• Exercise description: When you reach the line that contains "Certified 2024 Volvo", begin copying exactly and continue through the last line below. Do not copy pictures.

(Saved entries)
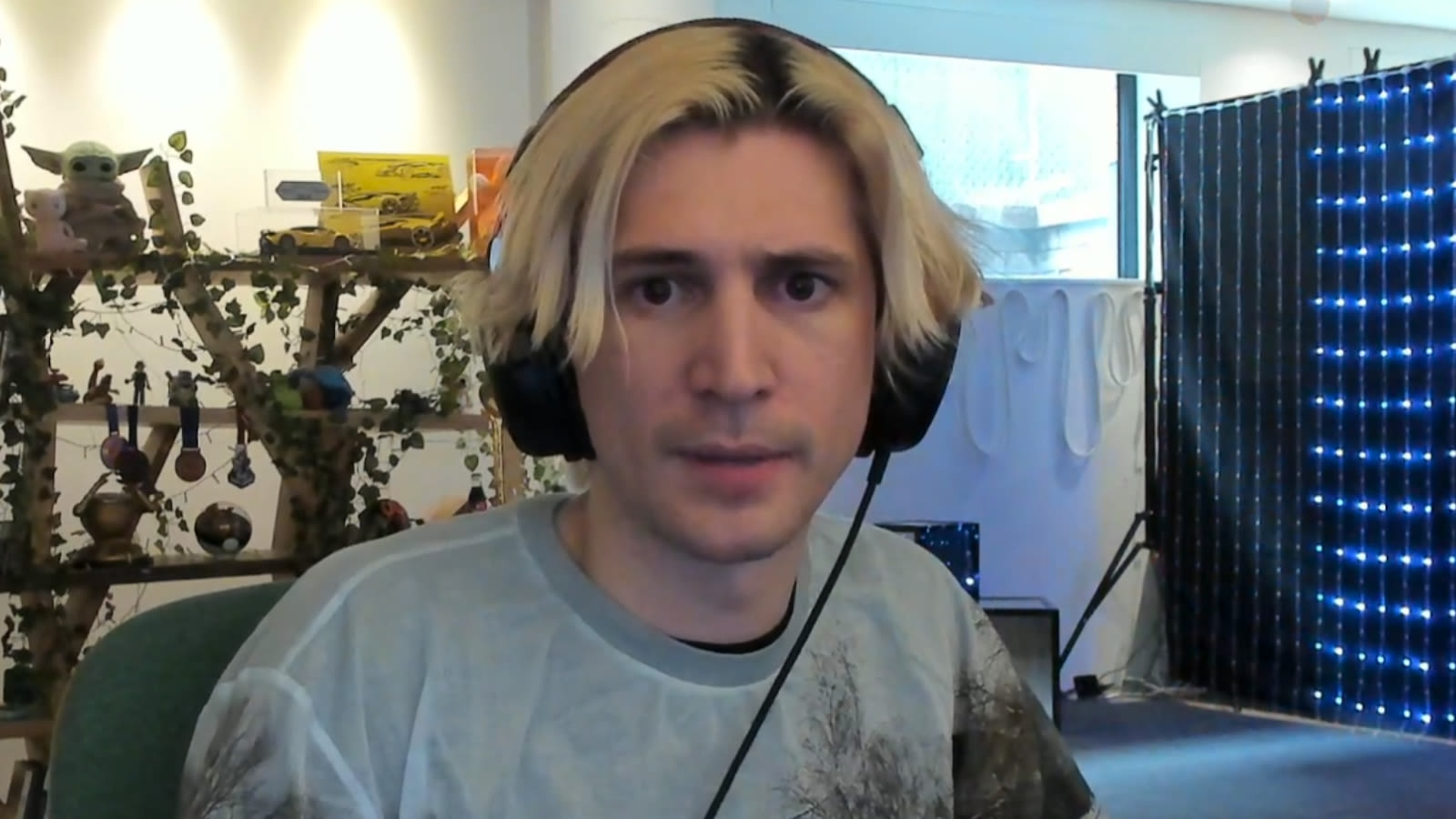 xQc explains why he went “missing” during Miami F1 party - Dexerto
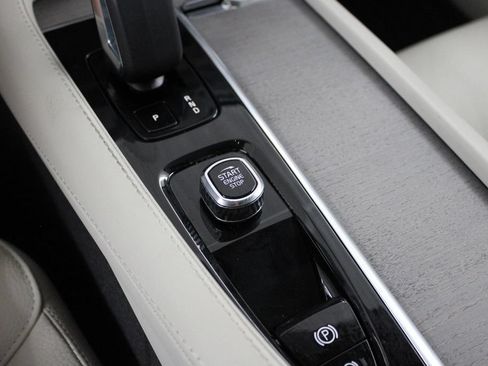 Certified 2024 Volvo XC90 B6 Plus w/ Protection Package Premier AWD/4WD image 40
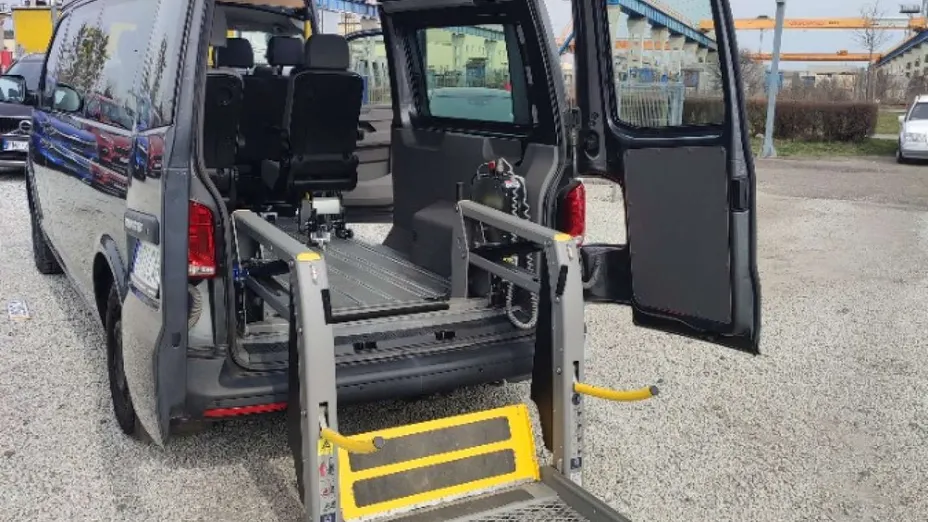 VOLKSWAGEN Transporter -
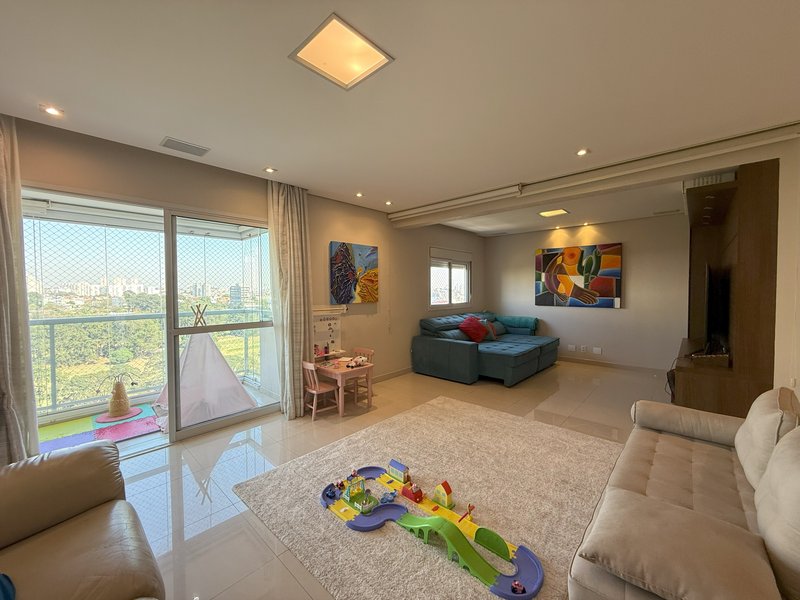 APTO 170M² 3 SUITES 3 VAGAS FORTE DO GOLF VILA SÃO FRANCISCO Rua Doutor Paulo Ferraz da Costa Aguiar Osasco - 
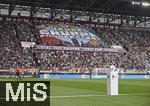 15.09.2024, Fussball 1. Bundesliga 2024/2025, 3. Spieltag, FC Augsburg - 1.FC St. Pauli, in der WWK-Arena Augsburg, Fanchoreo am Beginn
 

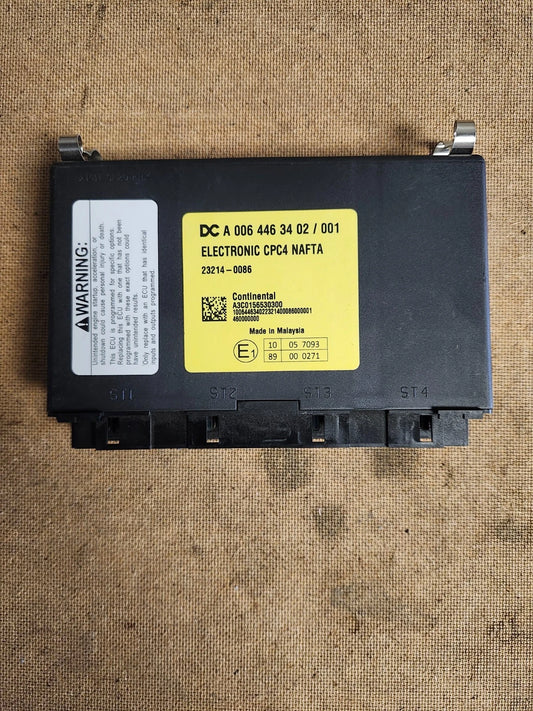 2017-2021 Freightliner CASCADIA Cab Control Module CECU A0064463402001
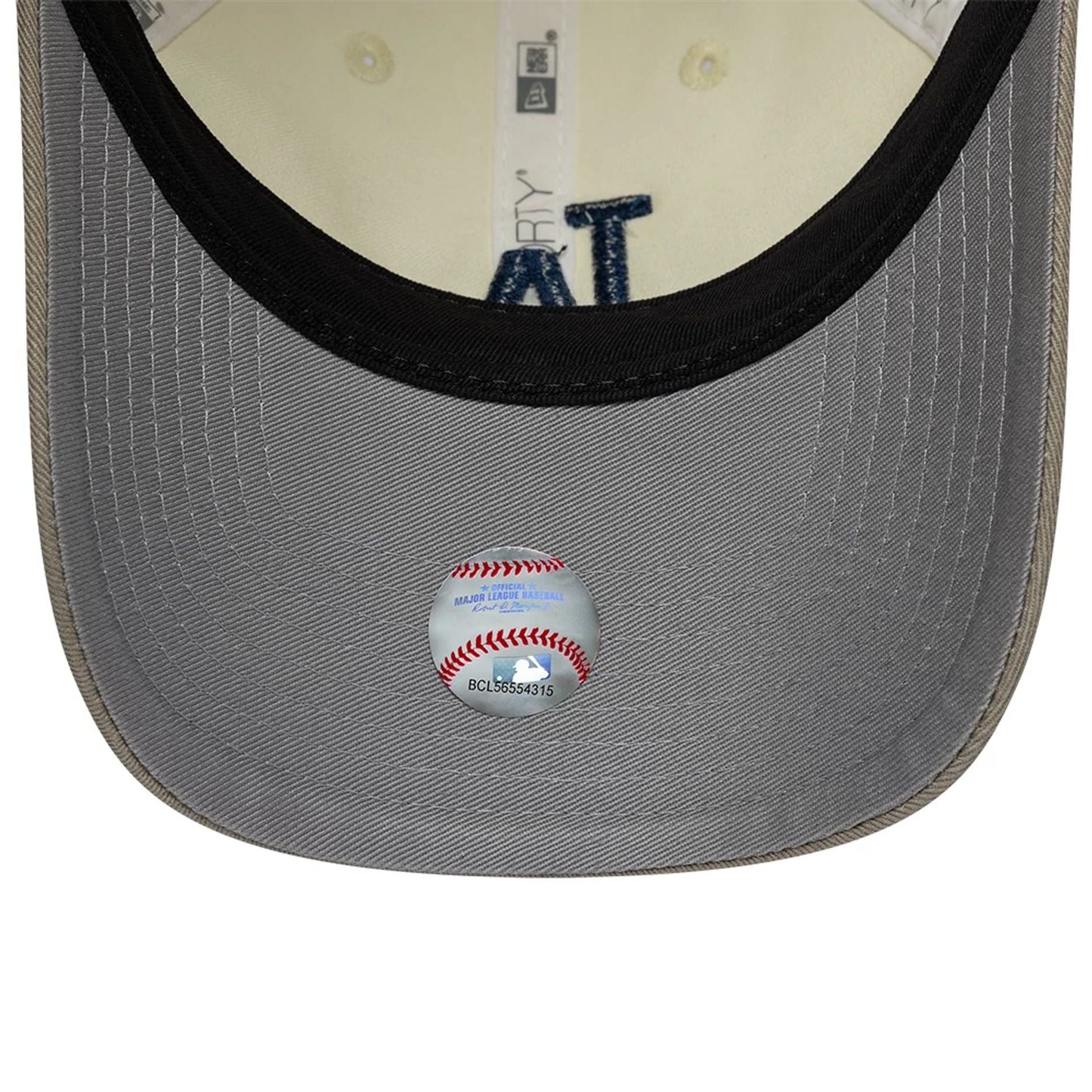 Pictured is this MLB LA Dodgers 9FORTY Unstructured cap in Cream. 2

• Result of this task:
 Certified 2024 Volvo XC90 B6 Plus w/ Protection Package Premier AWD/4WD image 40
 VOLKSWAGEN Transporter -
 APTO 170M² 3 SUITES 3 VAGAS FORTE DO GOLF VILA SÃO FRANCISCO Rua Doutor Paulo Ferraz da Costa Aguiar Osasco - 
 15.09.2024, Fussball 1. Bundesliga 2024/2025, 3. Spieltag, FC Augsburg - 1.FC St. Pauli, in der WWK-Arena Augsburg, Fanchoreo am Beginn
 

 2017-2021 Freightliner CASCADIA Cab Control Module CECU A0064463402001
 Pictured is this MLB LA Dodgers 9FORTY Unstructured cap in Cream. 2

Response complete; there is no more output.